Session S08 - Inverse Problems and Applications
Wednesday, July 14, 17:00 ~ 17:30 UTC-3
Mechanical Characterization of Trabecular Bone
María Gabriela Messineo
INTEMA - Universidad Nacional de Mar del Plata, Argentina - This email address is being protected from spambots. You need JavaScript enabled to view it.
Life expectancy worldwide has been increasing during last decades, resulting in a significant proliferation of bone diseases such as osteoporosis [1]. Osteoporosis leads to the loss of bone mass, highly increasing the fracture risk. This entails an enormous cost for the social security system around the world. There is plenty research effort aimed at a better understanding of bone mechanics to improve diagnosis and treatments. A comprehensive characterization of bone structure is relevant to assess some aspects of its properties which are not yet understood. Quantitative ultrasound (QUS) methodologies have proven to be suitable for in vivo bone evaluation, as transmitted waves bring information about its mechanical properties. The most usual QUS techniques measure the speed of sound (SOS) and the broadband ultrasonic attenuation (BUA) [2-6]. In vitro SOS measurements are typically done via transmission tests in which a bone sample is placed in a water tank between a wave source and a wave receiver.
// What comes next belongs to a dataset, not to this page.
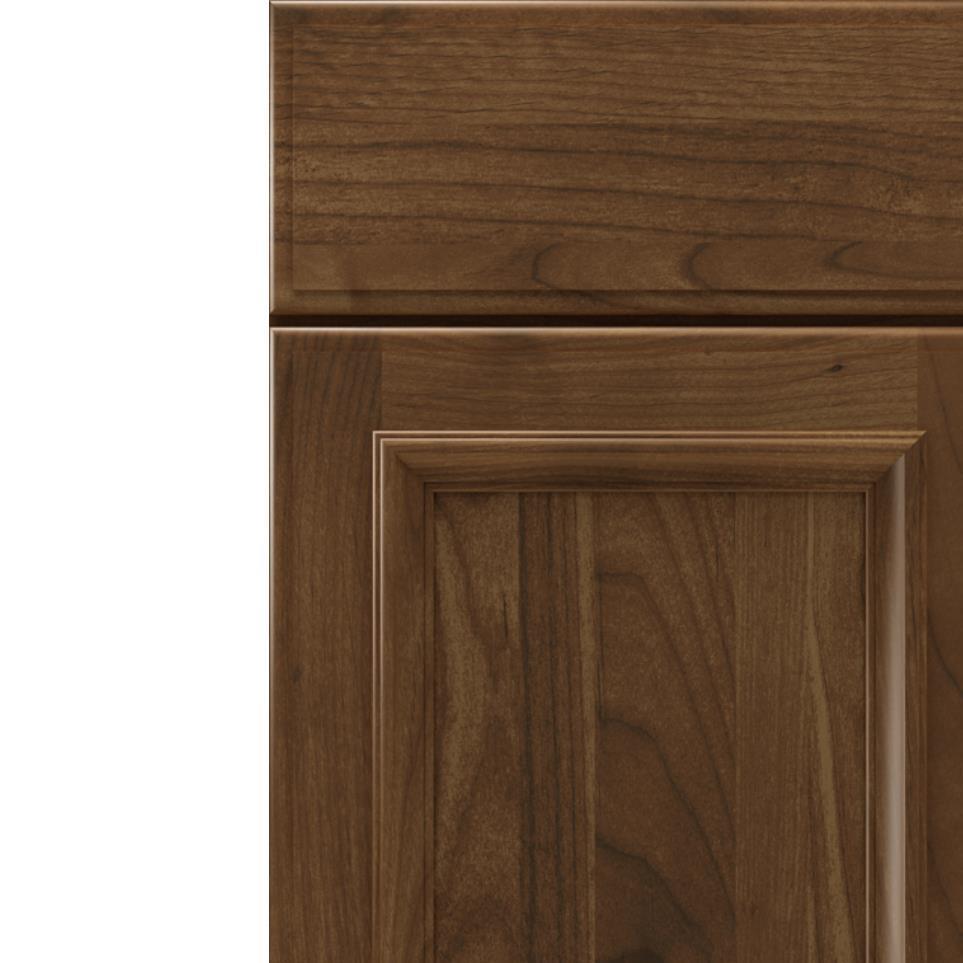 Square Mustang Medium Finish Square Cabinets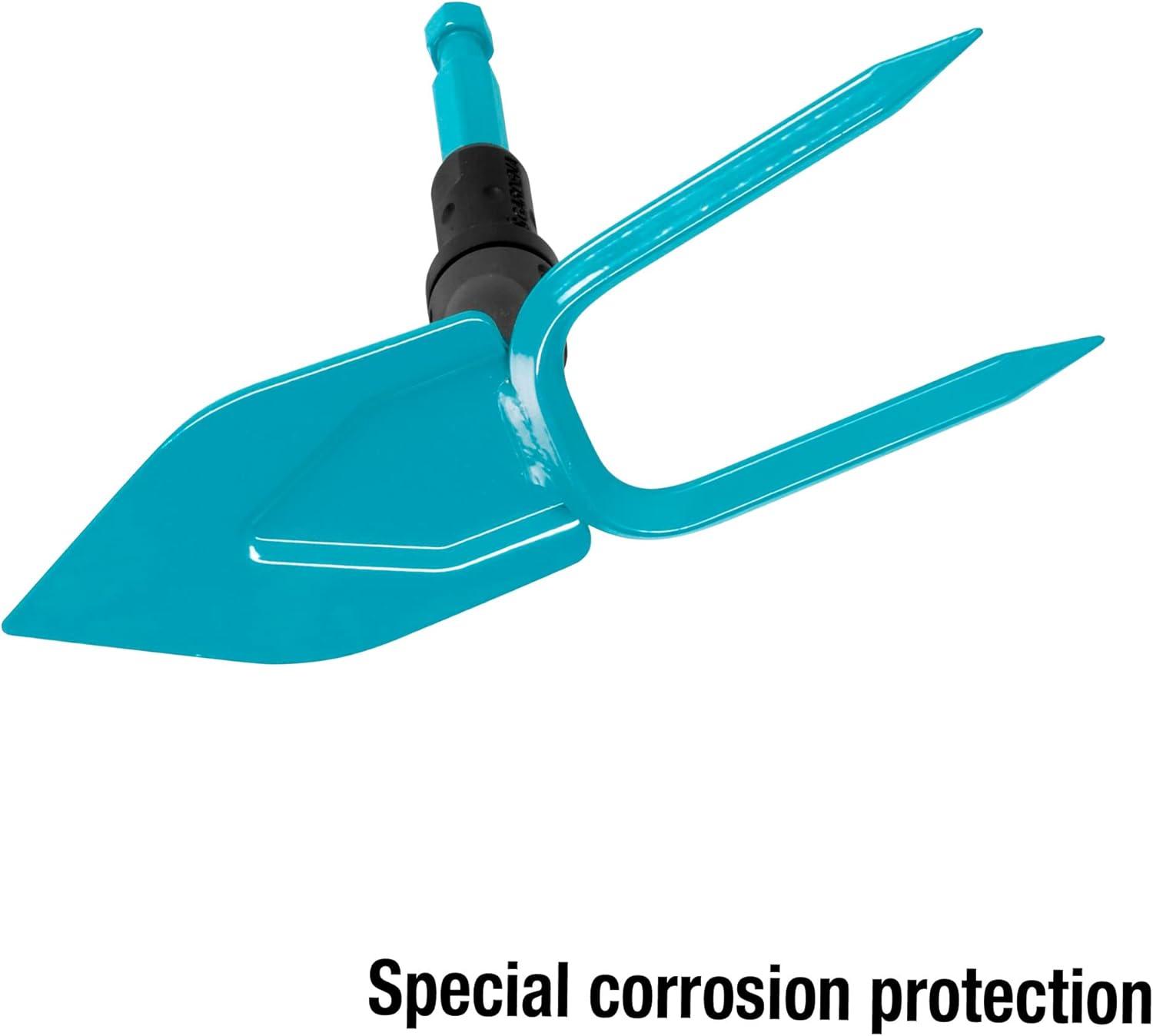 imageSerfouette Combisystem de Gardena houe avec lame droite 2 dents largeur de travail 75 cm en acier de haute qualit revtement Duroplast 3218207 cm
Experimental studies have demonstrated that SOS is highly correlated with the bone volume-to-total volume ratio, BVTV, (volume of mineralised bone per unit volume of the sample), the bone mineral density (BMD) and bone strength. This suggests that SOS also might be a good candidate for fracture risk prediction. Cancellous bone is a poroelastic and biphasic medium composed of an elastic skeleton (trabecular network) filled with a viscous fluid (bone marrow). Theoretical models using the Biot theory [7,8] –initially developed in the context of geophysical applications– have been applied to model ultrasound in cancellous bone with some success. Biot's model predicts the existence of two longitudinal waves resulting from the coupling of the fluid and the solid. Experimental and theoretical works provide evidence that the propagation speed of both waves is influenced not only by BVTB, but also by the bone structural anisotropy and the orientation of the ultrasound beam relatively to the direction of trabeculae alignment [9].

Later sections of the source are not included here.